Differences between countries become less evident each year. Nowadays, all over the world people share the same fashions, advertising, brands, eating habits and TV channels. Do the advantages outweigh the disadvantages of this?
It is undoubtedly the case that the world today has become a global village. One of the effects of this is that increasingly people in all corners of the world are exposed to similar services and products and adopt similar habits. My view is that this is largely a beneficial process and in this essay I will explain why.
The first point to make is that there are some downsides to this process of cultural globalisation, but these are relatively minor. The most significant of these disadvantages is that it can weaken national culture and traditions. For example, if people watch films and television programmes produced in the United States, sometimes they adopt aspects of the lifestyle of the American characters they see on television.
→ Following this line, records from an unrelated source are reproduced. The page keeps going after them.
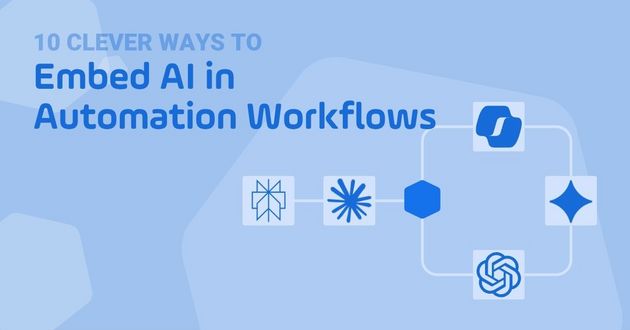 10 Clever Ways to Embed LLM Tasks in Automation Workflows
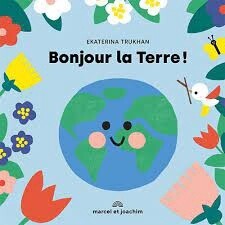 Bonjour la terre ! Ekaterina Trukhan.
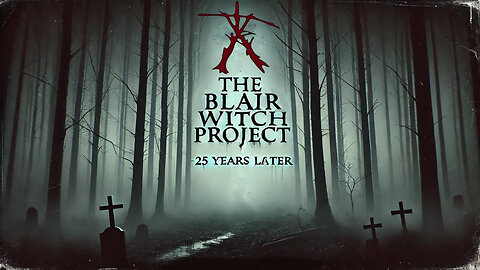 The Blair Witch Project | 25 Years Later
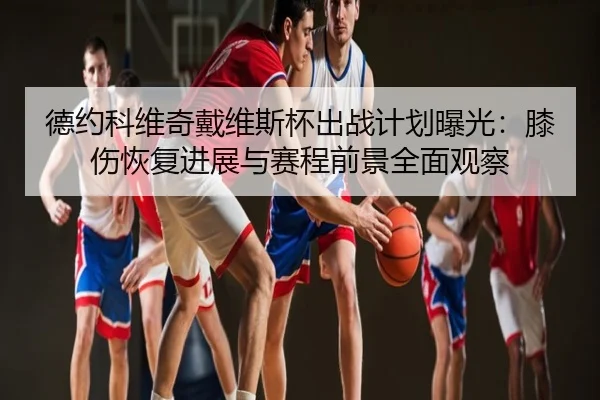 德约科维奇戴维斯杯出战计划曝光：膝伤恢复进展与赛程前景全面观察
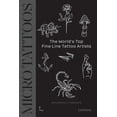 thumbnail image 1 of Micro Tattoos: The World's Top Fine Line Tattoo Artists, (Hardcover), 1 of 1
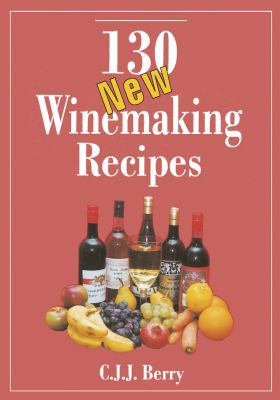 130 New Winemaking Recipes 090084163X Book Cover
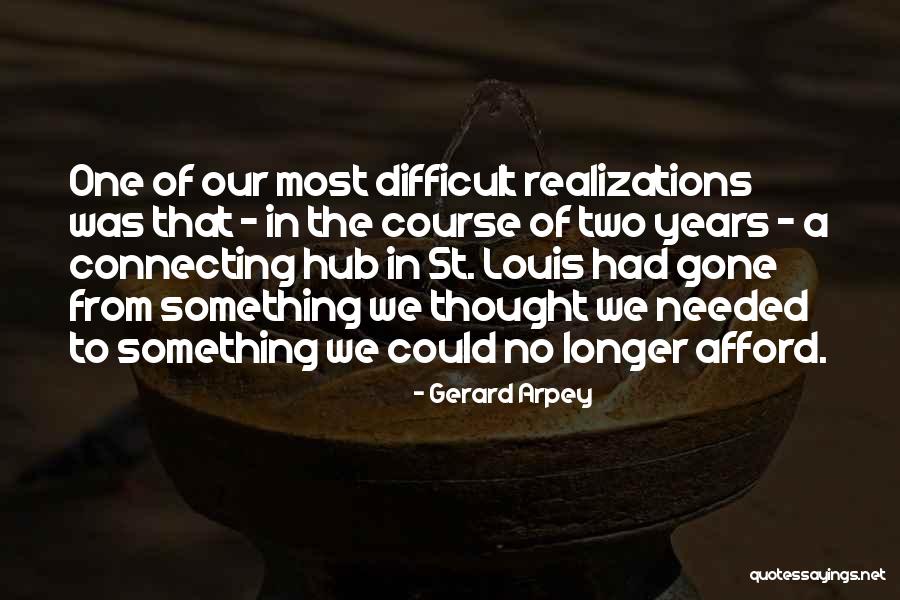 Geleray Quotes By Gerard Arpey Geleray Quotes By Gerard Arpey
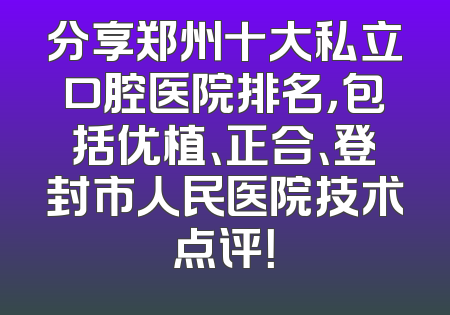 分享郑州十大私立口腔医院排名，包括优植、正合、登封市人民医院技术点评！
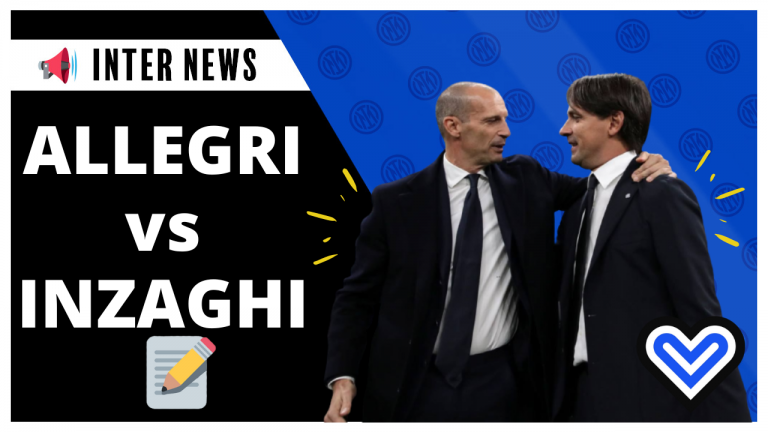 VIDEO – JUVENTUS-INTER: formazioni, analisi e come Inzaghi può BATTERE Allegri Juve-Inter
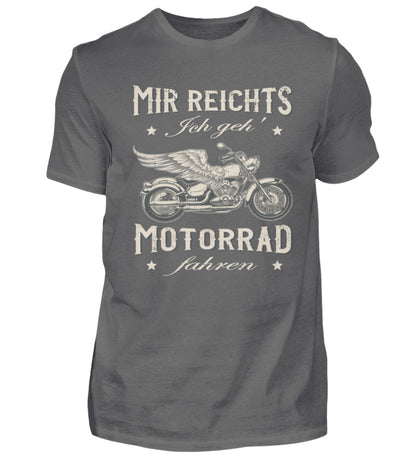 Ein Biker T-Shirt für Motorradfahrer von Wingbikers mit dem Aufdruck, Mir reichts, ich geh´ Motorrad fahren - in dunkelgrau.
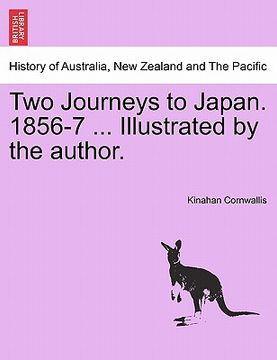 portada two journeys to japan. 1856-7 ... illustrated by the author.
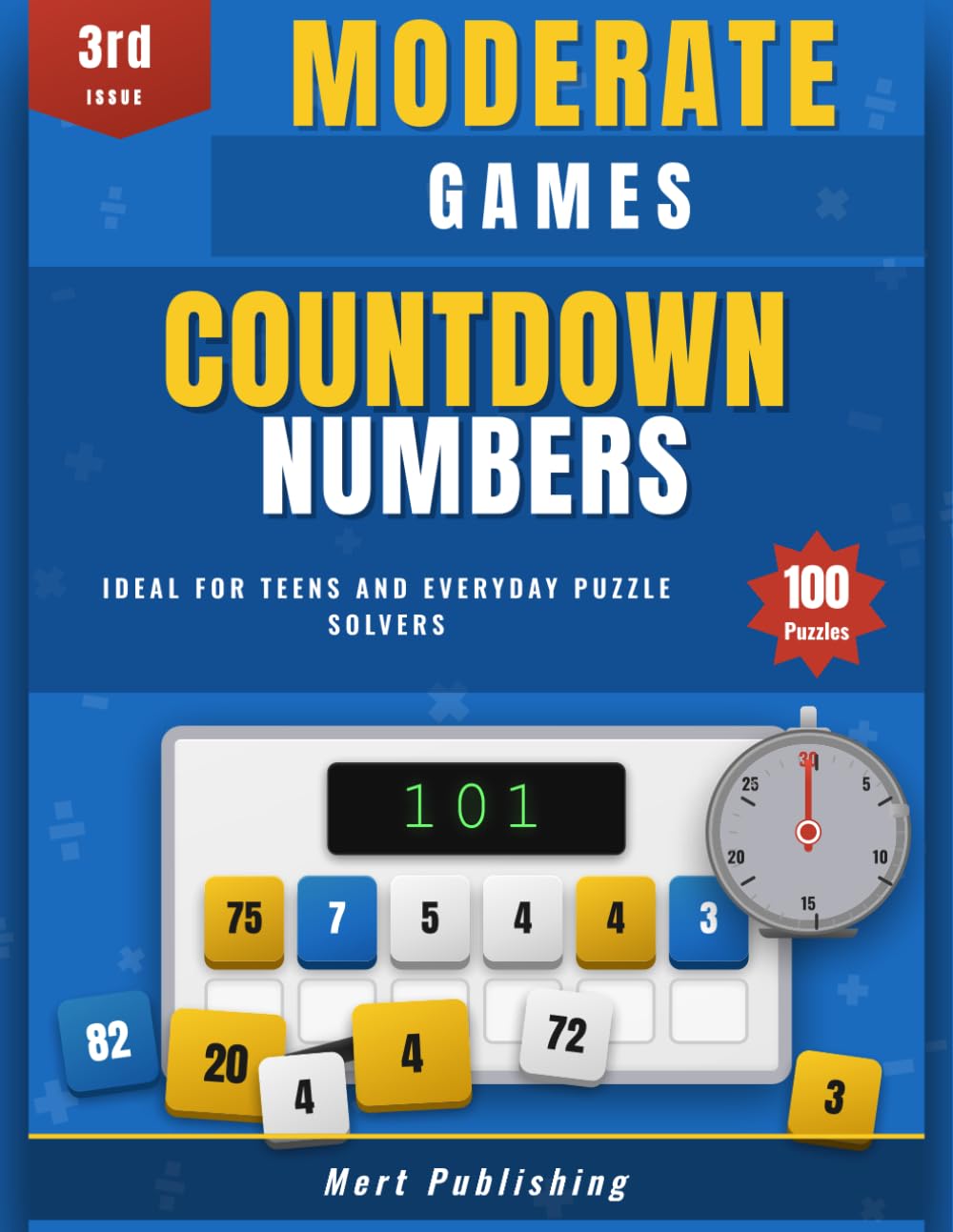 Countdown Numbers · Moderate Games · 3rd · Issue: Ideal for Teens and Everyday Puzzle Solvers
Typically, however, this only affects minor details such as clothing and does not seriously threaten national identity.
When we turn to the other side of the argument, there are two major points to make in favour of this process. The first of these is that the more we share habits, products and services, the better we understand each other and this reduces prejudice against other nations. The other point relates to modernity. It is a sign of progress in a society that people no longer are restricted to brands and advertisements from their own society but are able to access more international goods. If, for example, there were unable to drink Coca Cola or wear Nike, then that would mean their society was not part of the international community.
In conclusion, I understand the point of view of people who worry about cultural globalisation because it is a threat to national traditions. However, this is outweighed by its positive impact on international understanding and the fact that it represents progress within a society.